Set down the entries exactly. No line may differ from its source.

### EXTRACTED INFORMATION
┄┄┄┄┄┄
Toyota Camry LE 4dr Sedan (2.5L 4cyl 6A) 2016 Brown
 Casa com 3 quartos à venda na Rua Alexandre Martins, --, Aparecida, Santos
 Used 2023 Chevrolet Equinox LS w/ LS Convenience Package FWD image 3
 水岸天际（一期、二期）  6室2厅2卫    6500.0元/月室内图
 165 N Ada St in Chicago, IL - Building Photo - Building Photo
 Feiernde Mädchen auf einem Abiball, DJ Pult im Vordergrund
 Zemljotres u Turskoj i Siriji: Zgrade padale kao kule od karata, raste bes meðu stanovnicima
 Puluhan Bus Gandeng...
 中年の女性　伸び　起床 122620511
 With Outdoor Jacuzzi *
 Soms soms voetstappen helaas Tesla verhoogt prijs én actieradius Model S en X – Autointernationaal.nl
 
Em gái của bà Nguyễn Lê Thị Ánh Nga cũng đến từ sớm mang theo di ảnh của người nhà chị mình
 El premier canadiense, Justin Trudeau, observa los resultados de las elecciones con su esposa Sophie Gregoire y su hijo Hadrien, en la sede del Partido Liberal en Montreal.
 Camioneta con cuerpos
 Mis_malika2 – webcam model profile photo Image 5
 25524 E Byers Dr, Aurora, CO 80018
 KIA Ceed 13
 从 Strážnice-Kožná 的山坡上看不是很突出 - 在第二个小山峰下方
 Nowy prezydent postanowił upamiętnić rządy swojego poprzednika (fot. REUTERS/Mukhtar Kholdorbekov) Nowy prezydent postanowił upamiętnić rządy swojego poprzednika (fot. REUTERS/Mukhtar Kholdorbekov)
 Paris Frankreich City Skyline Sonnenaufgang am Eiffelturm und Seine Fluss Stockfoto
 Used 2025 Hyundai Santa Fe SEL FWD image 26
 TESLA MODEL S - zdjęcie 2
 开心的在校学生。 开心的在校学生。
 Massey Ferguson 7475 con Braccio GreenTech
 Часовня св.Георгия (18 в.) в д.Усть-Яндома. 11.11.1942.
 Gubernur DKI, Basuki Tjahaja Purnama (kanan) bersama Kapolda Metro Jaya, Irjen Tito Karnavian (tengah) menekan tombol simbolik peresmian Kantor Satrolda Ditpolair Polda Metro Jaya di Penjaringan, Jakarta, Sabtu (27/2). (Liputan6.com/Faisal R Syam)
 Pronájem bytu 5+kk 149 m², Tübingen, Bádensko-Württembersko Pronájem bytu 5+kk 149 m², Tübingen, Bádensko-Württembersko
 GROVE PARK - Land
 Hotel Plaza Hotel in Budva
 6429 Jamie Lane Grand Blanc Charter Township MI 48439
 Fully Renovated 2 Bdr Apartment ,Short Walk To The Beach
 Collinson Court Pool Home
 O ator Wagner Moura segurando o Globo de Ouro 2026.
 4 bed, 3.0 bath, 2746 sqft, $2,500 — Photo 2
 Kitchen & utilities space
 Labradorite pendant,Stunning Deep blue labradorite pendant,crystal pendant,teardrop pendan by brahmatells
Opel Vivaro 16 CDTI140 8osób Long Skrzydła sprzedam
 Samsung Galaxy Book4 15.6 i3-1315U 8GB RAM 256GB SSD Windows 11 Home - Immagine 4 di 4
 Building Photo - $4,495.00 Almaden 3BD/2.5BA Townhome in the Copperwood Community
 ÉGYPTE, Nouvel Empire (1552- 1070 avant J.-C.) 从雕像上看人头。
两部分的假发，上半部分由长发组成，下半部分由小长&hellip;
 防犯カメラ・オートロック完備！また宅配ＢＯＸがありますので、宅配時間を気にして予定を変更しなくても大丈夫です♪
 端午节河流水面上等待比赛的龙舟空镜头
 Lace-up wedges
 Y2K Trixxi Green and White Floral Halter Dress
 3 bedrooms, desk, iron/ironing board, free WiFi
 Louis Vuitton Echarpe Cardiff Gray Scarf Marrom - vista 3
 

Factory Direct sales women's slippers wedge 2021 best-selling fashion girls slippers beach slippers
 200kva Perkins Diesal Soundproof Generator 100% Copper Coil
┄┄┄┄┄┄
### RESPONSE FOR THIS EXERCISE
Toyota Camry LE 4dr Sedan (2.5L 4cyl 6A) 2016 Brown
 Casa com 3 quartos à venda na Rua Alexandre Martins, --, Aparecida, Santos
 Used 2023 Chevrolet Equinox LS w/ LS Convenience Package FWD image 3
 水岸天际（一期、二期）  6室2厅2卫    6500.0元/月室内图
 165 N Ada St in Chicago, IL - Building Photo - Building Photo
 Feiernde Mädchen auf einem Abiball, DJ Pult im Vordergrund
 Zemljotres u Turskoj i Siriji: Zgrade padale kao kule od karata, raste bes meðu stanovnicima
 Puluhan Bus Gandeng...
 中年の女性　伸び　起床 122620511
 With Outdoor Jacuzzi *
 Soms soms voetstappen helaas Tesla verhoogt prijs én actieradius Model S en X – Autointernationaal.nl
 
Em gái của bà Nguyễn Lê Thị Ánh Nga cũng đến từ sớm mang theo di ảnh của người nhà chị mình
 El premier canadiense, Justin Trudeau, observa los resultados de las elecciones con su esposa Sophie Gregoire y su hijo Hadrien, en la sede del Partido Liberal en Montreal.
 Camioneta con cuerpos
 Mis_malika2 – webcam model profile photo Image 5
 25524 E Byers Dr, Aurora, CO 80018
 KIA Ceed 13
 从 Strážnice-Kožná 的山坡上看不是很突出 - 在第二个小山峰下方
 Nowy prezydent postanowił upamiętnić rządy swojego poprzednika (fot. REUTERS/Mukhtar Kholdorbekov) Nowy prezydent postanowił upamiętnić rządy swojego poprzednika (fot. REUTERS/Mukhtar Kholdorbekov)
 Paris Frankreich City Skyline Sonnenaufgang am Eiffelturm und Seine Fluss Stockfoto
 Used 2025 Hyundai Santa Fe SEL FWD image 26
 TESLA MODEL S - zdjęcie 2
 开心的在校学生。 开心的在校学生。
 Massey Ferguson 7475 con Braccio GreenTech
 Часовня св.Георгия (18 в.) в д.Усть-Яндома. 11.11.1942.
 Gubernur DKI, Basuki Tjahaja Purnama (kanan) bersama Kapolda Metro Jaya, Irjen Tito Karnavian (tengah) menekan tombol simbolik peresmian Kantor Satrolda Ditpolair Polda Metro Jaya di Penjaringan, Jakarta, Sabtu (27/2). (Liputan6.com/Faisal R Syam)
 Pronájem bytu 5+kk 149 m², Tübingen, Bádensko-Württembersko Pronájem bytu 5+kk 149 m², Tübingen, Bádensko-Württembersko
 GROVE PARK - Land
 Hotel Plaza Hotel in Budva
 6429 Jamie Lane Grand Blanc Charter Township MI 48439
 Fully Renovated 2 Bdr Apartment ,Short Walk To The Beach
 Collinson Court Pool Home
 O ator Wagner Moura segurando o Globo de Ouro 2026.
 4 bed, 3.0 bath, 2746 sqft, $2,500 — Photo 2
 Kitchen & utilities space
 Labradorite pendant,Stunning Deep blue labradorite pendant,crystal pendant,teardrop pendan by brahmatells
Opel Vivaro 16 CDTI140 8osób Long Skrzydła sprzedam
 Samsung Galaxy Book4 15.6 i3-1315U 8GB RAM 256GB SSD Windows 11 Home - Immagine 4 di 4
 Building Photo - $4,495.00 Almaden 3BD/2.5BA Townhome in the Copperwood Community
 ÉGYPTE, Nouvel Empire (1552- 1070 avant J.-C.) 从雕像上看人头。
两部分的假发，上半部分由长发组成，下半部分由小长&hellip;
 防犯カメラ・オートロック完備！また宅配ＢＯＸがありますので、宅配時間を気にして予定を変更しなくても大丈夫です♪
 端午节河流水面上等待比赛的龙舟空镜头
 Lace-up wedges
 Y2K Trixxi Green and White Floral Halter Dress
 3 bedrooms, desk, iron/ironing board, free WiFi
 Louis Vuitton Echarpe Cardiff Gray Scarf Marrom - vista 3
 

Factory Direct sales women's slippers wedge 2021 best-selling fashion girls slippers beach slippers
 200kva Perkins Diesal Soundproof Generator 100% Copper Coil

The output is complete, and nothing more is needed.